What is expected:
Starting with the line that contains "THE WILD WEST FRONTIER COLL..." and ending with the last line of the listing, print each line exactly. Pictures stay out.

Material for the task:
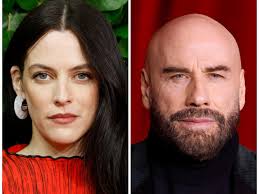 Barry': Anthony Carrigan Can't Get Over Hank and Cristobal's Gruesome  Breakup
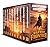 THE WILD WEST FRONTIER COLL...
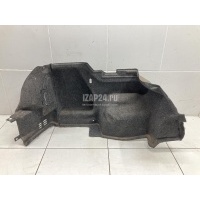 Обшивка багажника Nissan Almera Classic (B10) (2006 - 2013) 8495395F0A
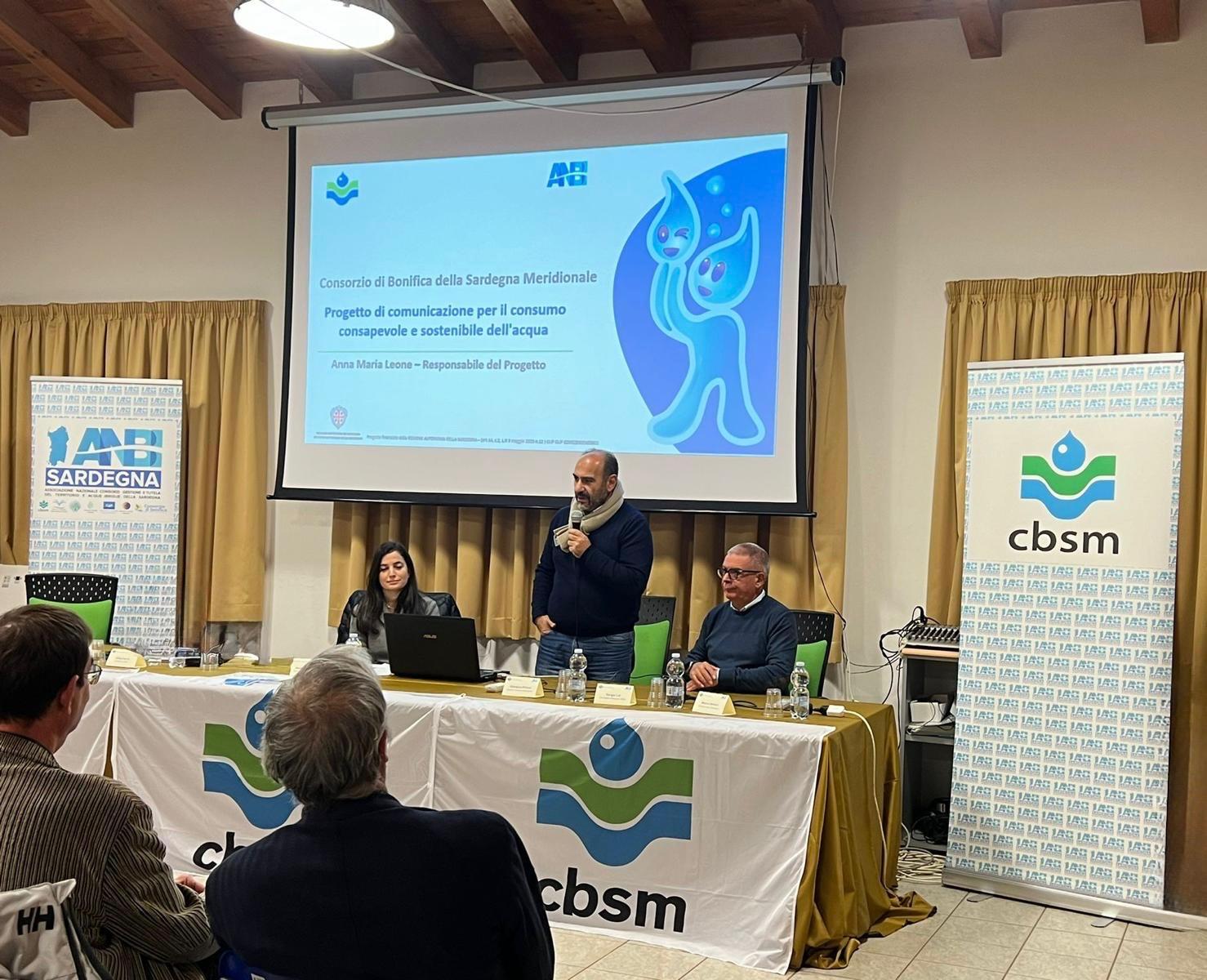 WhatsApp Image 2025 11 28 at 12.47.04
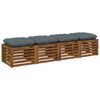 Product Thumbnail Image 3 of 9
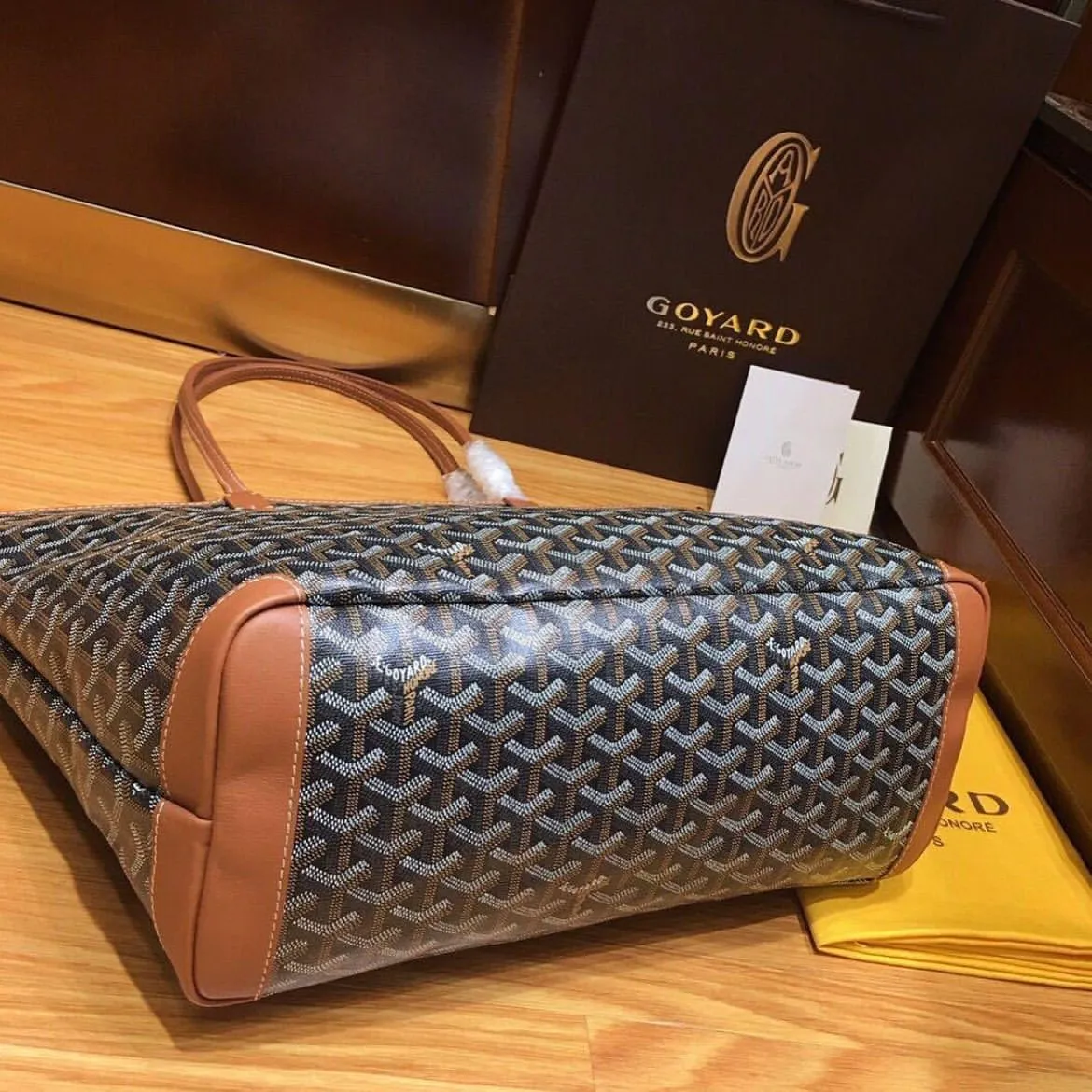 Designer Tote Bags - GYD - 6348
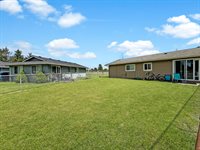 24423 Richards Rd, Sedro Woolley, WA 98284
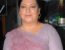 Madhuri Sanjeev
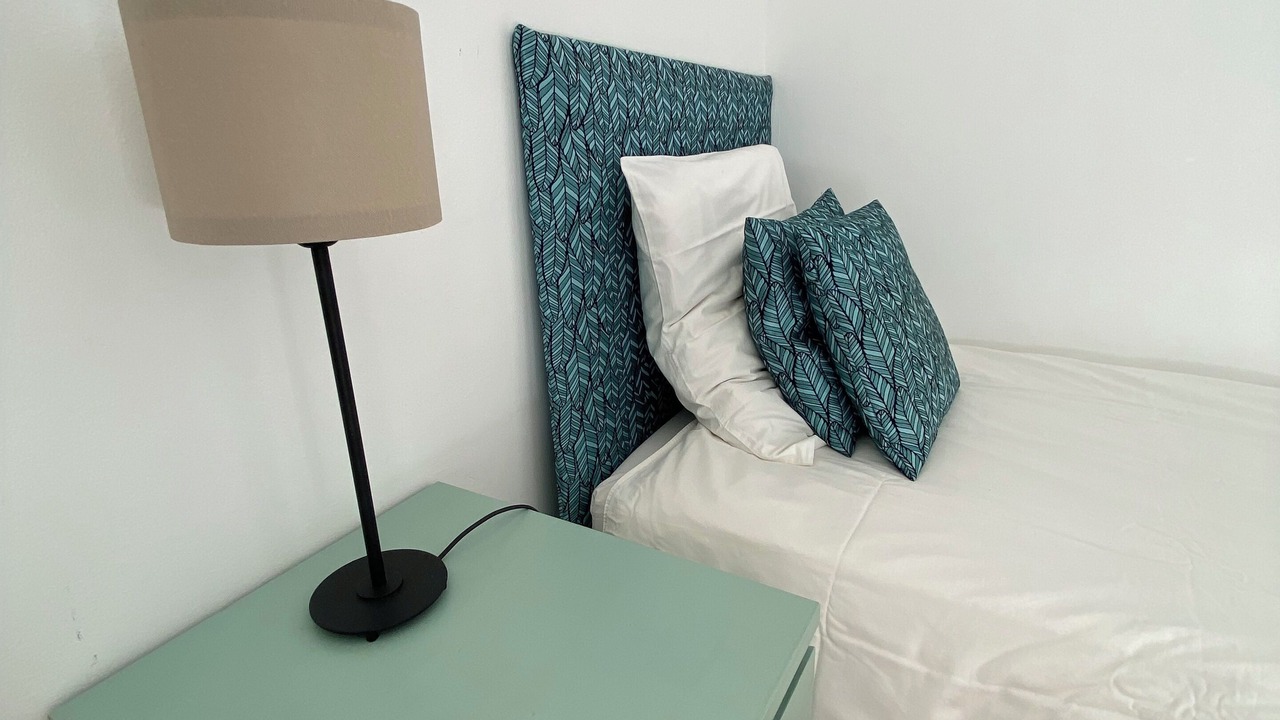 Photo of Others in Sainghin-en-Weppes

Response to this task:
 THE WILD WEST FRONTIER COLL...
 Обшивка багажника Nissan Almera Classic (B10) (2006 - 2013) 8495395F0A
 WhatsApp Image 2025 11 28 at 12.47.04
 Product Thumbnail Image 3 of 9
 Designer Tote Bags - GYD - 6348
 24423 Richards Rd, Sedro Woolley, WA 98284
 Madhuri Sanjeev
 Photo of Others in Sainghin-en-Weppes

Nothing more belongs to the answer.